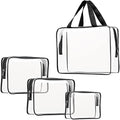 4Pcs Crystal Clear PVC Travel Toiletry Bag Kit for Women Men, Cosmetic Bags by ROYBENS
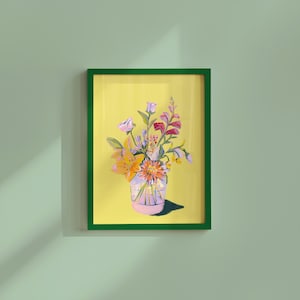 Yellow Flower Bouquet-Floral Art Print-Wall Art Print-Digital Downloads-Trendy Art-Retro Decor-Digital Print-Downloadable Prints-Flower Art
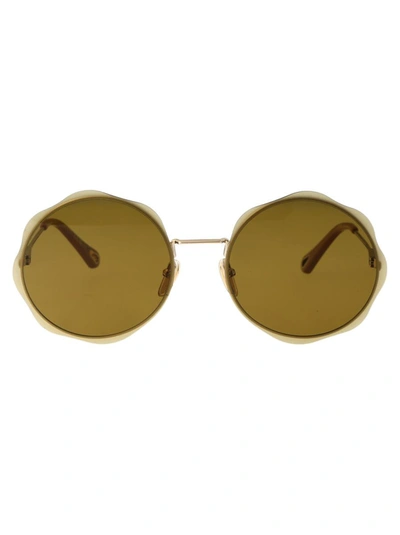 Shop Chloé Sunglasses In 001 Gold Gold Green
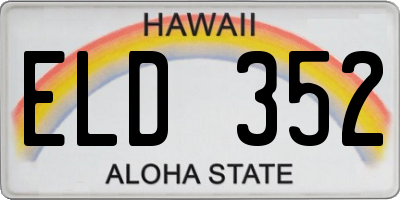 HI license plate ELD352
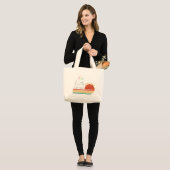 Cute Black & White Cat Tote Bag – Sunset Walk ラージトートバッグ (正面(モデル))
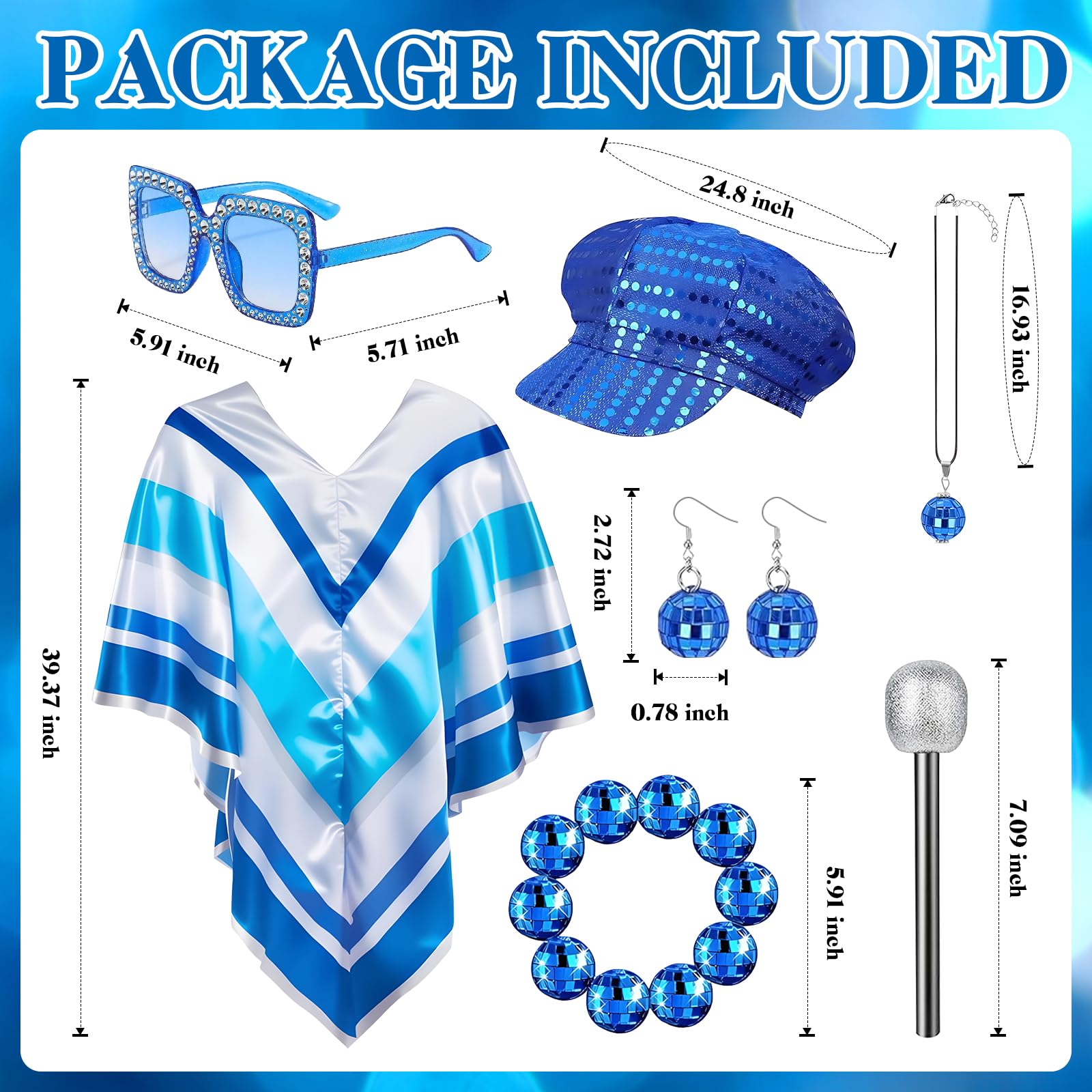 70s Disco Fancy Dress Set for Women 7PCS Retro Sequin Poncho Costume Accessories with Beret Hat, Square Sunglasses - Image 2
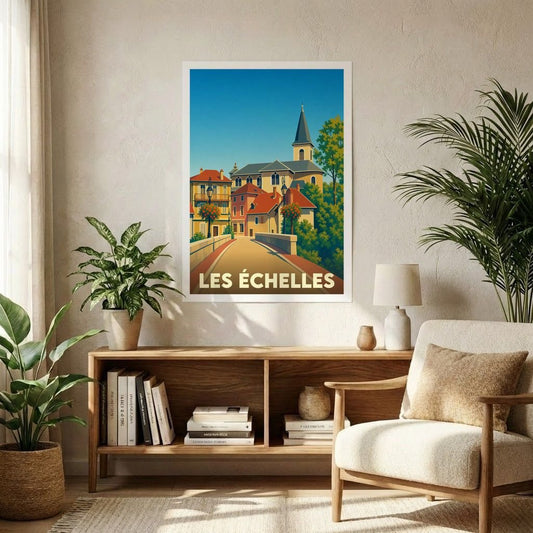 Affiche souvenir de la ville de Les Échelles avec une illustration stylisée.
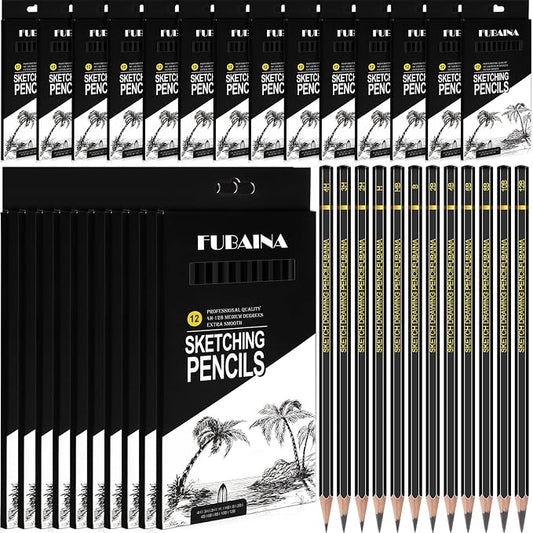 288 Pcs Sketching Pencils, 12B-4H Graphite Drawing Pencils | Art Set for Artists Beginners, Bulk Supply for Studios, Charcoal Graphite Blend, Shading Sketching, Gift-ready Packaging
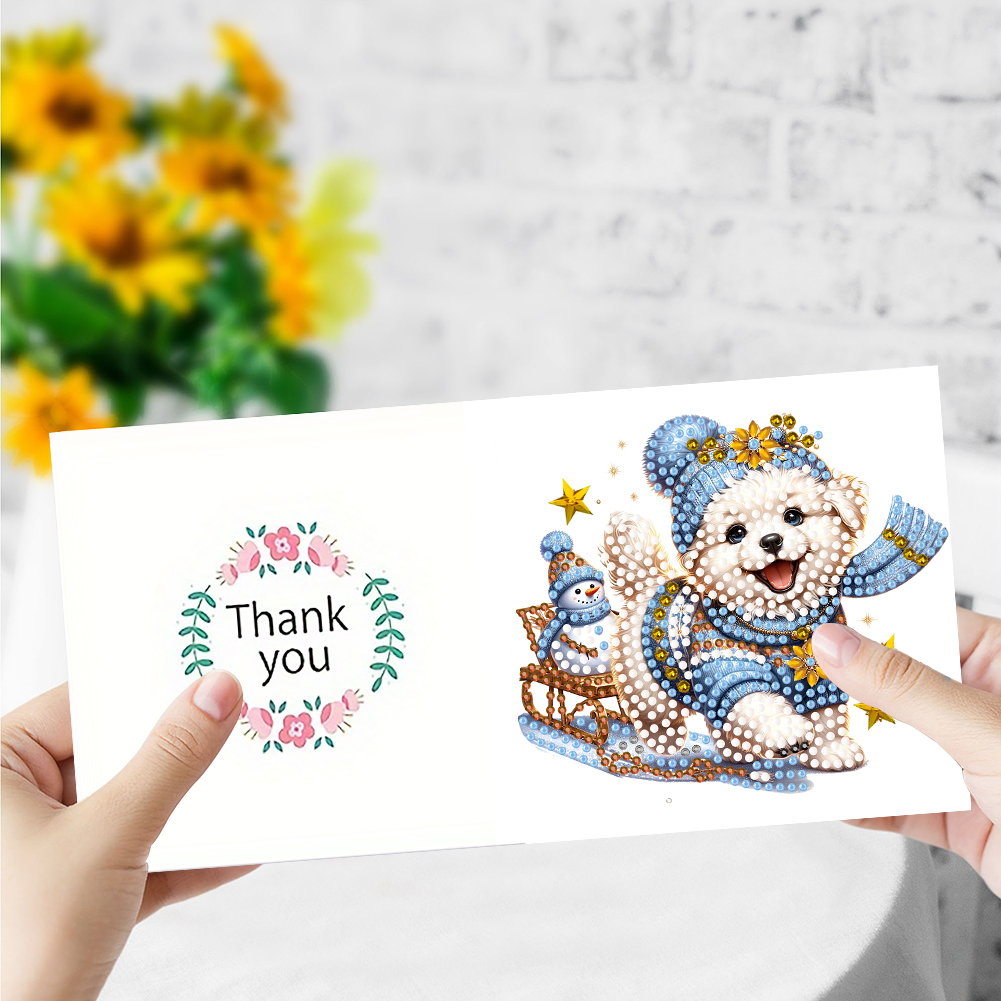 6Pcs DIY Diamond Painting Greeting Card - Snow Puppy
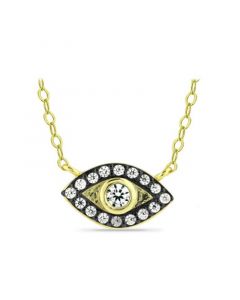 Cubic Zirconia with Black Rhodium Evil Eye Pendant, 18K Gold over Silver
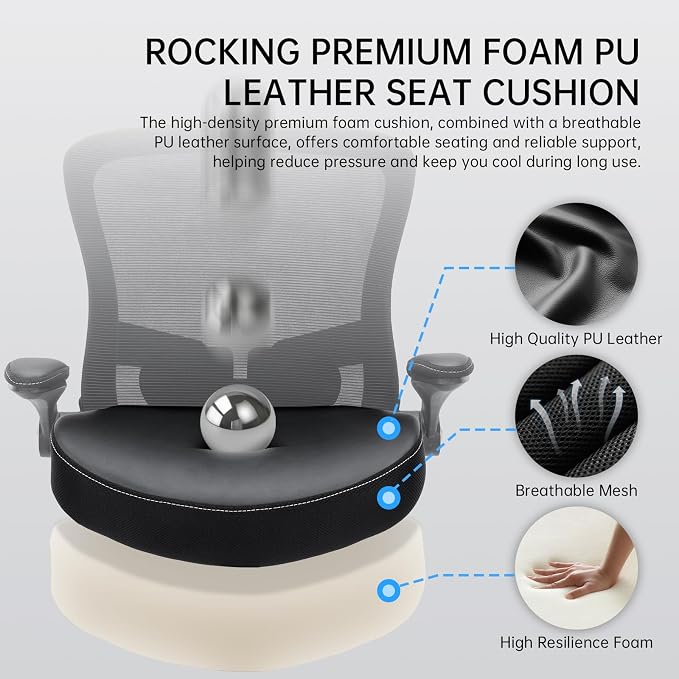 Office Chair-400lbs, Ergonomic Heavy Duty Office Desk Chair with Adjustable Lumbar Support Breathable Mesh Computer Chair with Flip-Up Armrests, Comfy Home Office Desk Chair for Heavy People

────────────────

The problem
Beginning with the line containing "Yellow Flower Bouquet-Floral" and ending with the last line of the listing above, output those lines exactly as written, without pictures.

Result of the task
 Yellow Flower Bouquet-Floral Art Print-Wall Art Print-Digital Downloads-Trendy Art-Retro Decor-Digital Print-Downloadable Prints-Flower Art
 Shop Chloé Sunglasses In 001 Gold Gold Green
 HI license plate ELD352
 Cute Black & White Cat Tote Bag – Sunset Walk ラージトートバッグ (正面(モデル))
 70s Disco Fancy Dress Set for Women 7PCS Retro Sequin Poncho Costume Accessories with Beret Hat, Square Sunglasses - Image 2
 Affiche souvenir de la ville de Les Échelles avec une illustration stylisée.
 288 Pcs Sketching Pencils, 12B-4H Graphite Drawing Pencils | Art Set for Artists Beginners, Bulk Supply for Studios, Charcoal Graphite Blend, Shading Sketching, Gift-ready Packaging
 6Pcs DIY Diamond Painting Greeting Card - Snow Puppy
 Cubic Zirconia with Black Rhodium Evil Eye Pendant, 18K Gold over Silver
 Office Chair-400lbs, Ergonomic Heavy Duty Office Desk Chair with Adjustable Lumbar Support Breathable Mesh Computer Chair with Flip-Up Armrests, Comfy Home Office Desk Chair for Heavy People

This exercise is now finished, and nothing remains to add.